Well I have to sympathize with the gentlemen for actually having to the go the hospital and admit to the nurses and/or doctors that he did in fact did have the makings of some french fries stuck up his pie hole. That my friend would hands down be the most embarassing moment to experience. Now, what I don't get is the elaborate story he made up to try and cover it up. "He explained to me, quite sincerely, he had been hanging curtains naked in the kitchen when he fell backwards on to the kitchen table and on to a potato." Now, if this was the infamously well known card game, I would hae whipped my entire hand down on the table with an overzealous proclamation of Bulllllshit!!

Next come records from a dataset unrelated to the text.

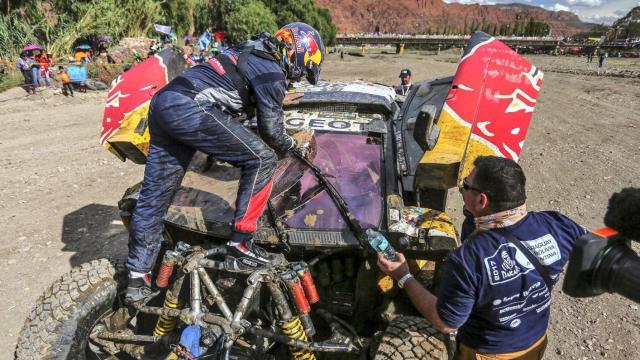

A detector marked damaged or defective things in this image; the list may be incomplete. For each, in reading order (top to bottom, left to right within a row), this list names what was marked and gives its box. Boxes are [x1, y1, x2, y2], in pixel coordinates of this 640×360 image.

damaged rally car [17, 31, 544, 360]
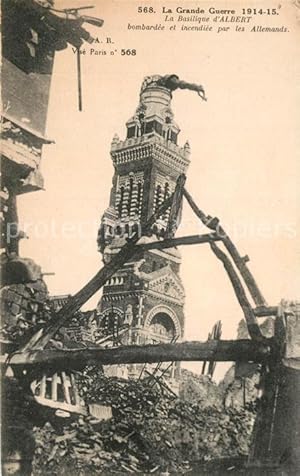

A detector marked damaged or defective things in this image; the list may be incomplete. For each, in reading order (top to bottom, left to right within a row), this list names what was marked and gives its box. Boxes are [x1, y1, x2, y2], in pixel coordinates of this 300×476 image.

damaged basilica tower [96, 74, 206, 384]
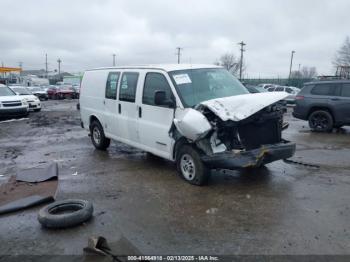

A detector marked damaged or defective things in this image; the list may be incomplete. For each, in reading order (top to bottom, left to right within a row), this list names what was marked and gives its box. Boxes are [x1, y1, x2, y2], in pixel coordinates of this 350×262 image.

crumpled hood [198, 91, 288, 121]
detached tire [89, 120, 110, 149]
severe front-end damage [172, 92, 296, 170]
detached tire [308, 110, 334, 132]
detached tire [176, 144, 209, 185]
damaged bumper [200, 142, 296, 169]
detached tire [38, 200, 93, 228]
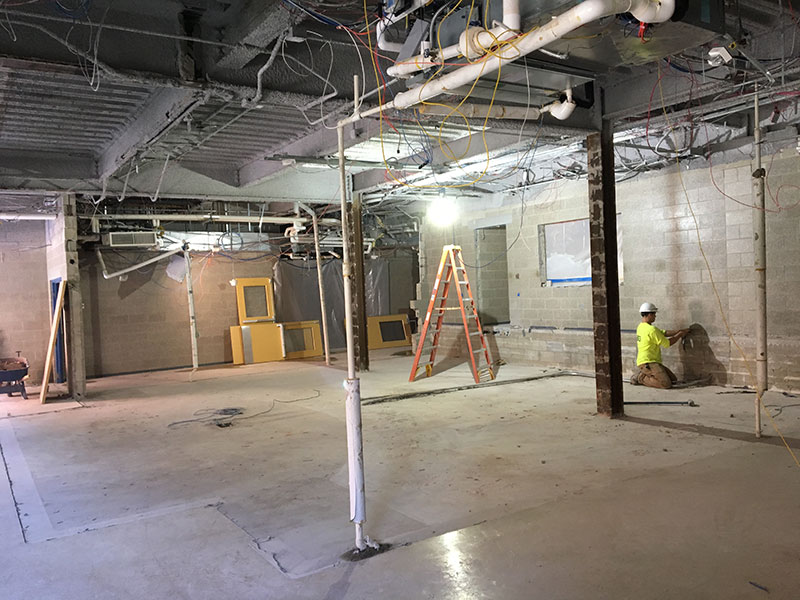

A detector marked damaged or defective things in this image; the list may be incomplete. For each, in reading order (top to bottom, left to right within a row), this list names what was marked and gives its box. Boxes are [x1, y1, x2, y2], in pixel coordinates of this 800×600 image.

rusty steel column [588, 117, 624, 418]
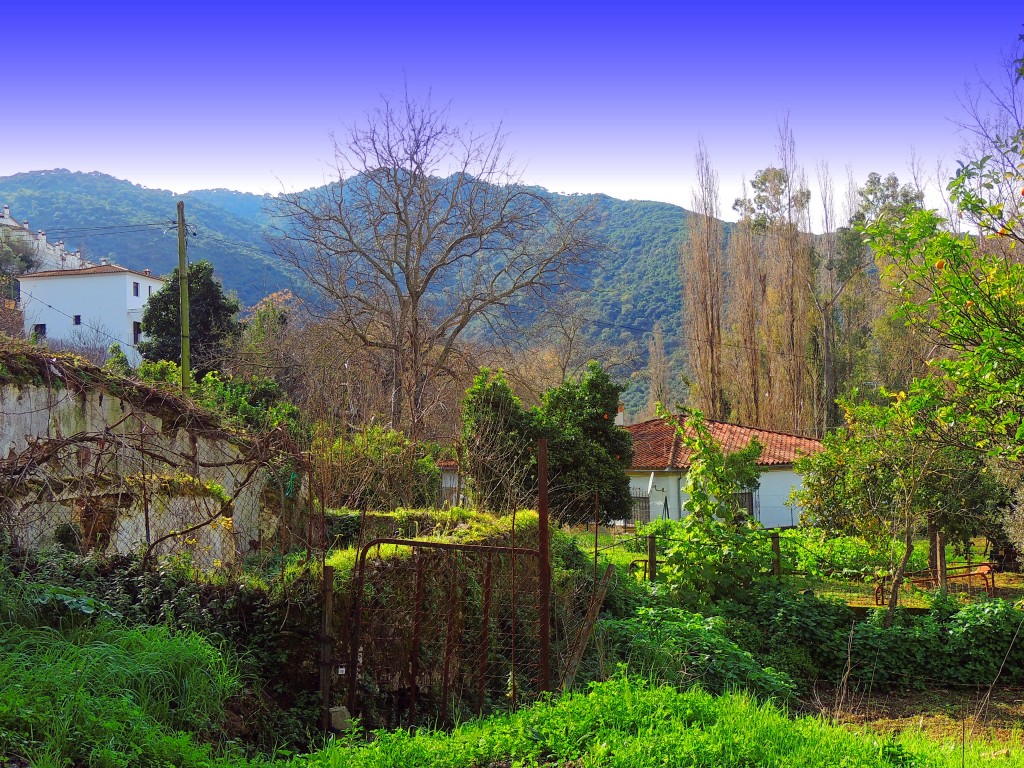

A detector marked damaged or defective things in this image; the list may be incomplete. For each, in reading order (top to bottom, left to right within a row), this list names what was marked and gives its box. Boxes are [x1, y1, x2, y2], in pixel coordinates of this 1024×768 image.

rusty metal gate [348, 536, 548, 728]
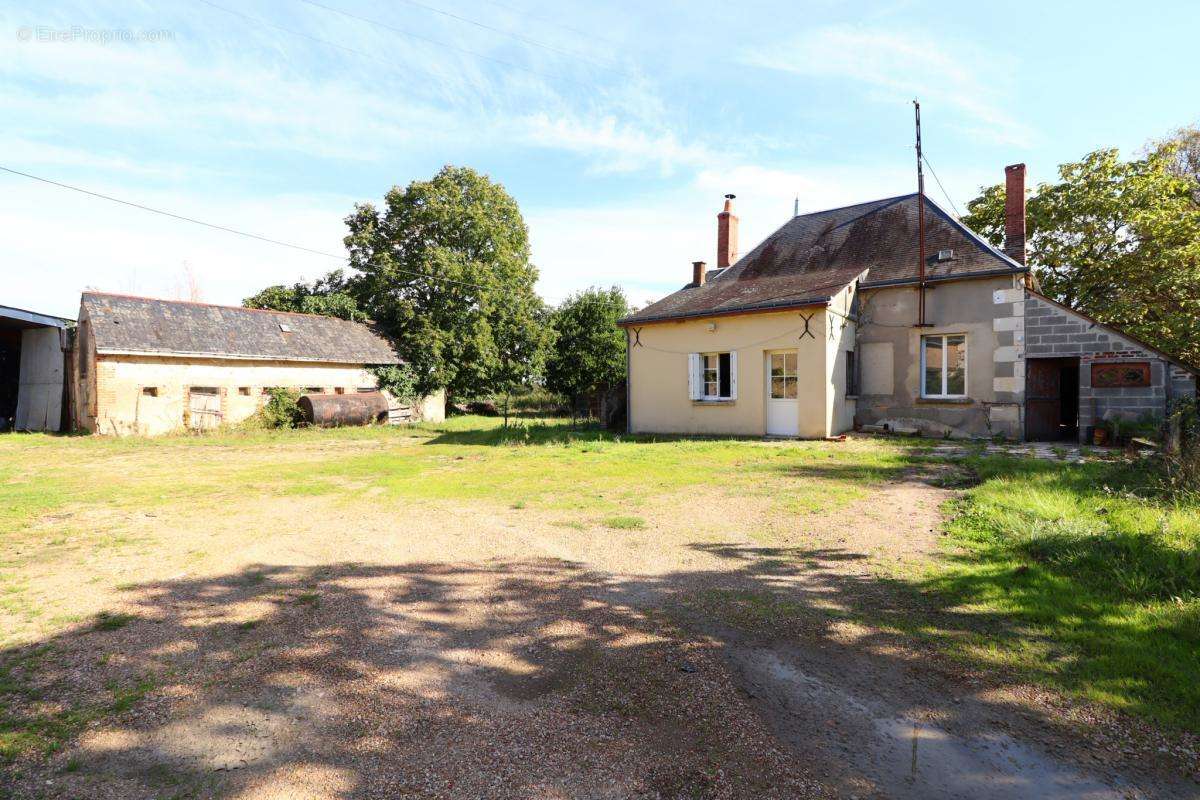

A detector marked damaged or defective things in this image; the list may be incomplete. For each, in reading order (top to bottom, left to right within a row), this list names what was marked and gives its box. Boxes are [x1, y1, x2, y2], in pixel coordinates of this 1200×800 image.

rusty oil drum [298, 392, 386, 428]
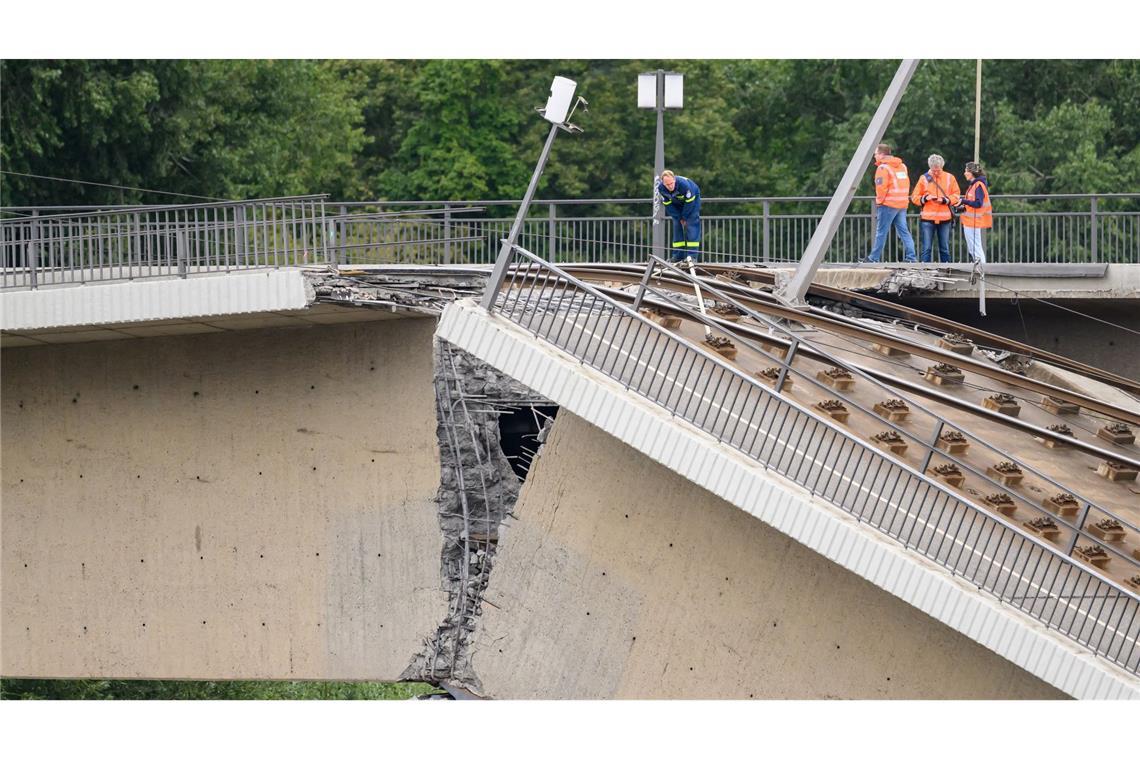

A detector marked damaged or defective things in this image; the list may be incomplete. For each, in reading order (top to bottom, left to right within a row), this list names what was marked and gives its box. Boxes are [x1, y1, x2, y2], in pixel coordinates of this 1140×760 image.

broken concrete edge [435, 298, 1140, 701]
bent railing section [485, 242, 1140, 669]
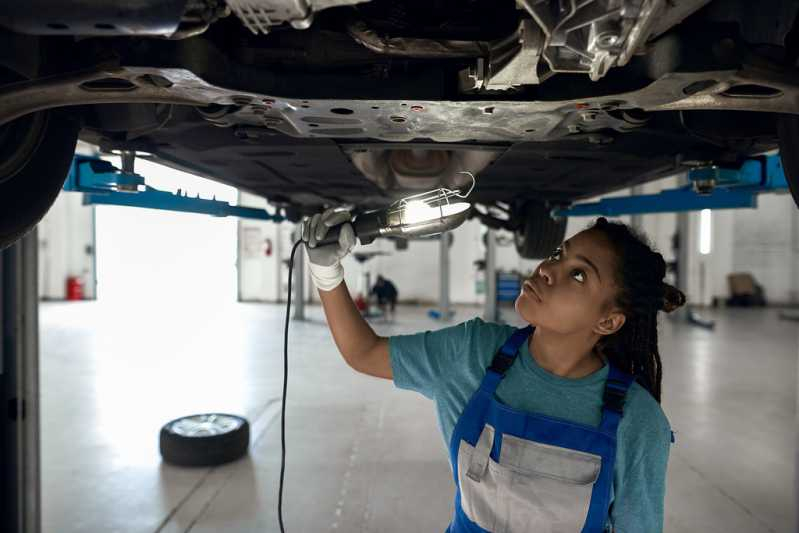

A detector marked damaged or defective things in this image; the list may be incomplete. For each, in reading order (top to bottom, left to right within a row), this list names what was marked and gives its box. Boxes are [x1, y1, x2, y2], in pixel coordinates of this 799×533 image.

detached tire [0, 109, 79, 250]
detached tire [780, 115, 799, 210]
detached tire [512, 202, 568, 258]
detached tire [159, 412, 250, 466]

Obviously the guy is the "catcher", and he was apparently too embarassed to admit how he actually got the potato stuck in his hinee, but I think that most everyone capable of reading this can put two and two together and come up with a few scenarios as to how this might have happened. BTW-My mental image of all possible scenarios is rather alarming, my apologies to any of my readers who may have just experienced the same visual imagery that I was fortunate enough to.
And lastly, my favorite line of this article is the last sentence, "But our staff deal with them in a discreet, professional and kind way."--So discreet in fact that your surgery to have a potato removed from your butthole, (sorry a bit unlady-like, i know, but still funny) has now made its way to the world wide web for everyone to read. And ofcourse for me to poke fun (no pun intended) at this potato booty guy, lol. Oh, and also.. who the hell hangs curtains while they are naked?